§ **Records supplied**
____________________

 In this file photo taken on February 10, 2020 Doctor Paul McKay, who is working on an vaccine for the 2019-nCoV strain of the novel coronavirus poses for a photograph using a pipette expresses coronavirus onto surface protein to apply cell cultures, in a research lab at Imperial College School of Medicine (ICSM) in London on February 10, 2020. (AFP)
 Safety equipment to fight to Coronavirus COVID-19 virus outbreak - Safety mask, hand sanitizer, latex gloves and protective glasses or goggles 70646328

____________________

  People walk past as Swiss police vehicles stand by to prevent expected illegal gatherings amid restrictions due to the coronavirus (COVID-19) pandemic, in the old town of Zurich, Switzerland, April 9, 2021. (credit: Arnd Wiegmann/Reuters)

____________________

§ **Work instruction**
Set down exactly the lines of the data above, beginning with the line that has "In this file" and ending with the line that has "Safety equipment to", and no others.

§ **Solution below**
 In this file photo taken on February 10, 2020 Doctor Paul McKay, who is working on an vaccine for the 2019-nCoV strain of the novel coronavirus poses for a photograph using a pipette expresses coronavirus onto surface protein to apply cell cultures, in a research lab at Imperial College School of Medicine (ICSM) in London on February 10, 2020. (AFP)
 Safety equipment to fight to Coronavirus COVID-19 virus outbreak - Safety mask, hand sanitizer, latex gloves and protective glasses or goggles 70646328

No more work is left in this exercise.